Katranis crime family
- Founded by: Petros "Pete the Greek" Katranis
- Named after: Katranis family
- Founding location: Detroit, Michigan
- Years active: Mid-20th century–1970s
- Territory: Greektown and the Detroit Metropolitan Area
- Ethnicity: Primarily Greek American
- Leaders: Petros "Pete the Greek" Katranis Michael Katranis Gregory "Little Pete" Katranis
- Criminal activities: Bookmaking, illegal gambling, debt collection, loansharking, and extortion
- Allies: Detroit Partnership

= Katranis crime family =

Greek American organized crime network

The Katranis crime family was a Greek American organized crime network based in Detroit, Michigan, centered primarily within the city's historic Greektown district. Active during the middle of the 20th century, the group operated illegal gambling, bookmaking, debt collection, and related racketeering activities.

The principal figure of the organization was Petros "Pete the Greek" Katranis, who maintained close ties with the broader Detroit organized crime network. Declassified Federal Bureau of Investigation records, regarding the Detroit mob figure Anthony Giacalone, identify Katranis as a collector responsible for gathering tribute from bookmakers in the Detroit and Mount Clemens areas.

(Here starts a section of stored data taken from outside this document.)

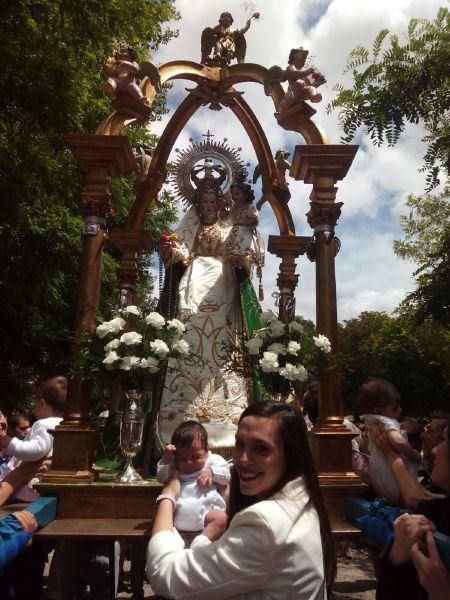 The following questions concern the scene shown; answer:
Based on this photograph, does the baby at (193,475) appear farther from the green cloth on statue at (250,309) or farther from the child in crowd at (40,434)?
the green cloth on statue at (250,309)

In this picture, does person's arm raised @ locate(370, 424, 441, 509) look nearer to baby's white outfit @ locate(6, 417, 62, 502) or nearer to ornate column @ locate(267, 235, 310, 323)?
baby's white outfit @ locate(6, 417, 62, 502)

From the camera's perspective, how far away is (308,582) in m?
1.90

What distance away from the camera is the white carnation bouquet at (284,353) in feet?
16.9

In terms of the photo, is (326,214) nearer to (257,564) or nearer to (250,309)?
(250,309)

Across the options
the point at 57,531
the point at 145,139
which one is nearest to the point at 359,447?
the point at 57,531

While some contemporary accounts refer to the network as a "Greek Mafia," historical evidence indicates it functioned as a specialized Greek American faction operating within the local underworld, rather than as an independent syndicate comparable to traditional Cosa Nostra families. Investigative reporting notes that the Katranis crew operated under the oversight of the Vitale and Giacalone factions of the Detroit Partnership.

==Background==
===Greek Americans in Detroit===
Greek immigrants began arriving in Detroit in significant numbers during the late 19th and early 20th centuries. The Detroit Historical Society records that the city's Greek community had begun developing by the late 19th century, with Greek businesses, including coffeehouses, groceries, restaurants and other commercial establishments, appearing in the early 1900s.

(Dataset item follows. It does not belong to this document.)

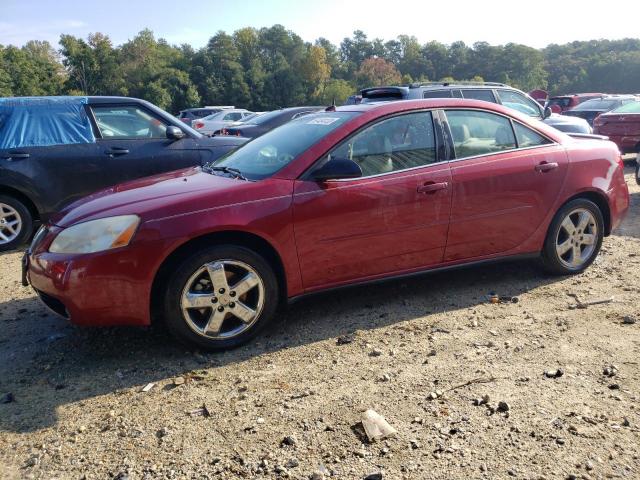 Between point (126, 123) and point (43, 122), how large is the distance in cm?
90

The neighborhood that became known as Greektown had originally been settled by German immigrants during the 19th century. In the early 20th century, Greek immigrants moved into the area and established businesses. By the 1920s, the district had become increasingly commercial, with many Greek residents moving elsewhere while restaurants, coffeehouses and stores remained.

During the 1960s, Greek American community leaders worked to preserve Greektown's cultural identity, as redevelopment threatened the historic district. The first Greek festival was held in 1965, helping establish Greektown as a major commercial and entertainment district.

===Organized crime in Detroit===
Detroit developed a large and complex organized-crime environment during the 20th century. Italian American mafias became particularly influential, while criminal operators of Greek, Jewish backgrounds also participated in gambling, bookmaking, extortion, loansharking and other illicit activities.

Historian James A. Buccellato's study of Detroit organized crime describes the development of the city's mafia and its relationships with political, business and criminal networks during the 20th century.

==Notable members==
===Petros "Pete the Greek" Katranis===
Petros Katranis was the principal figure associated with the Katranis organization. Later accounts describe him as the leader of a Greek American group based in Detroit's Greektown and as an associate of the city's Italian American organized crime establishment.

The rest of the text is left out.